DBRS Publishes “Large Canadian Banks Q4 2018 Earnings Round-Up: Banks Cap Off a Very Strong 2018; Banking on Another Good Year in 2019”
Banking OrganizationsDBRS Limited (DBRS) published a commentary discussing the Q4 2018 earnings of the large Canadian banks. Collectively, the Q4 2018 performance of the large Canadian banks capped off a very strong year. These results reflected strong volume growth across most businesses and positive operating leverage, which more than offset higher provision for credit losses (PCL). While the implementation of International Financial Reporting Standard 9 at the start of the year introduced some volatility to PCL, overall asset quality remains sound.
In 2019, DBRS expects continued robust earnings power for the large Canadian banks. The global economic outlook remains favourable and the large Canadian banks could benefit from a rising interest rate environment.
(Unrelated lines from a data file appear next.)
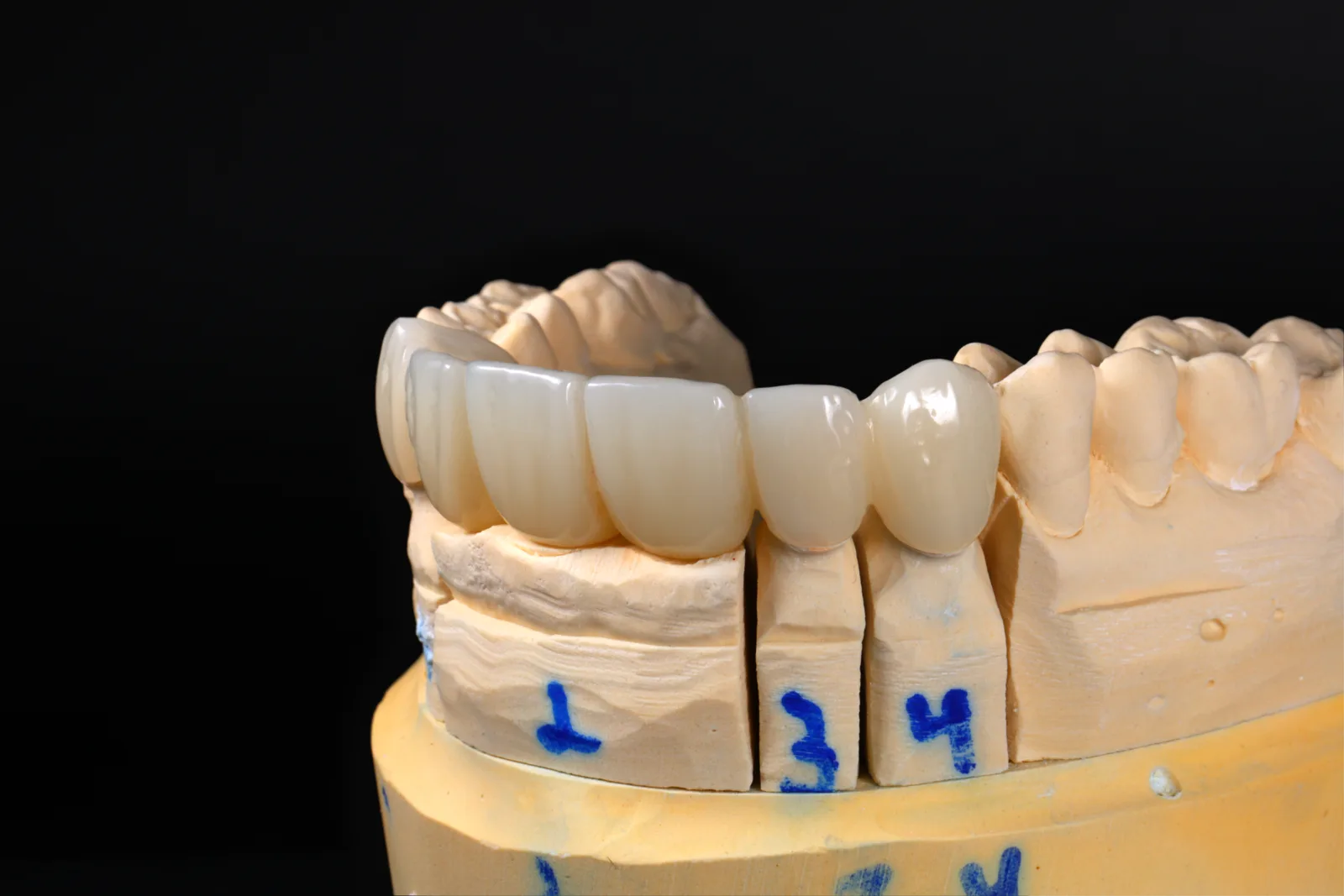 Milled multilayer PMMA temporary bridge
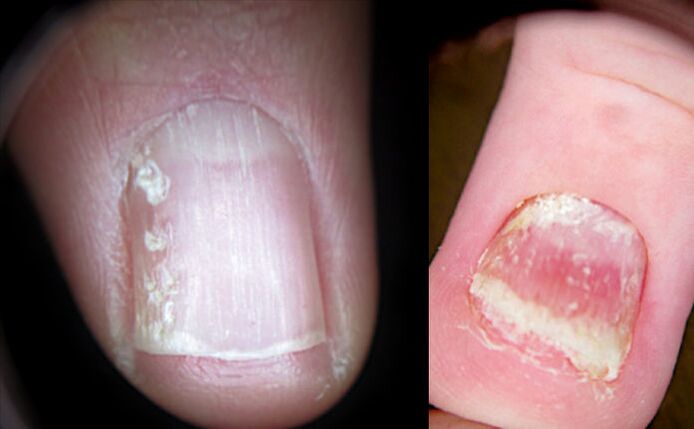 Crumbling nails in psoriasis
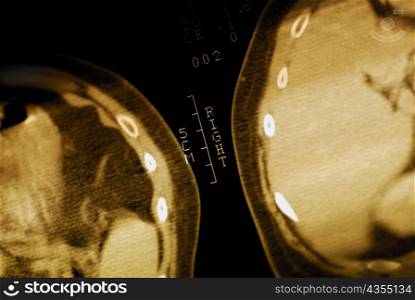 Close-up of an MRI scan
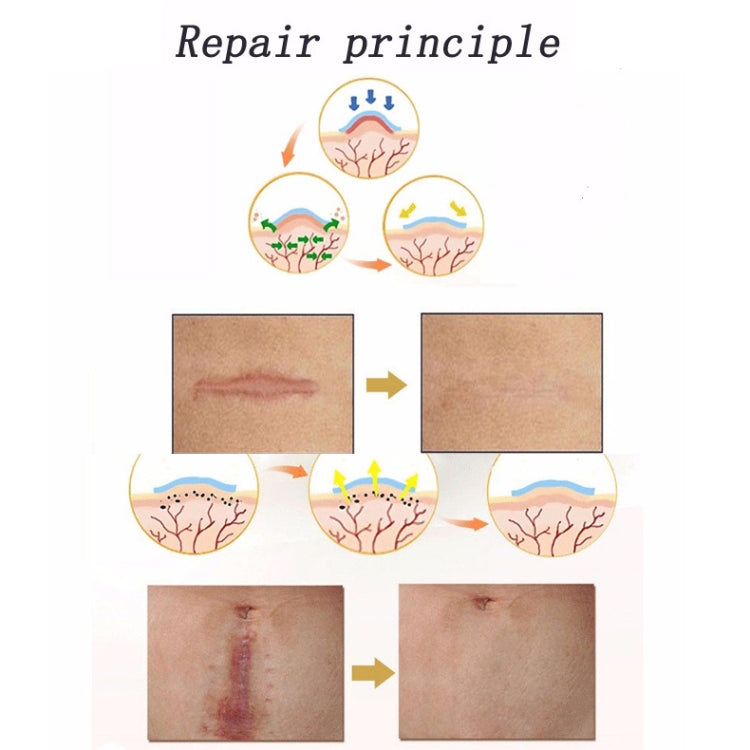 Organic silicone Gel Scar Therapy Patch be Washed and Reused - free shipping - PMC Jewellery - Order now!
Additionally, DBRS expects that the other four building blocks in its global banking rating methodology should remain strong, although slowing economic growth and higher interest rates are likely to constrain income growth in the later stages of the business cycle.
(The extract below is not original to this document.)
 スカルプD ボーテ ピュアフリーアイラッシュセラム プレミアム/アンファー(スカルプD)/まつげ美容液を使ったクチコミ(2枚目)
The Bank of Nova Scotia (DBRS: Long-Term Issuer Rating: AA, Stable Trend), Bank of Montreal (DBRS: Long-Term Issuer Rating: AA, Stable Trend), Canadian Imperial Bank of Commerce (DBRS: Long-Term Issuer Rating: AA, Stable Trend), National Bank of Canada (DBRS: Long-Term Issuer Rating: AA (low), Stable Trend), Royal Bank of Canada (DBRS: Long-Term Issuer Rating: AA, Positive Trend) and The Toronto-Dominion Bank (DBRS: Long-Term Issuer Rating: AA, Positive Trend) are discussed in the research commentary.
Summary highlights include the following:
-- Collectively, net income for the large Canadian banks increased by a solid 14.0% year over year (YOY) and 3.3% quarter over quarter (QOQ).
-- Revenue growth was strong coupled with ongoing efficiency initiatives implemented over the last year, which resulted in positive operating leverage on average.
-- Asset quality remains sound with aggregate gross impaired loans declining 4.0% QOQ but increasing 0.5% YOY. The PCL ratio held steady at 0.29%.
-- Mortgage growth continued to moderate as a result of new underwriting guidelines for 2018.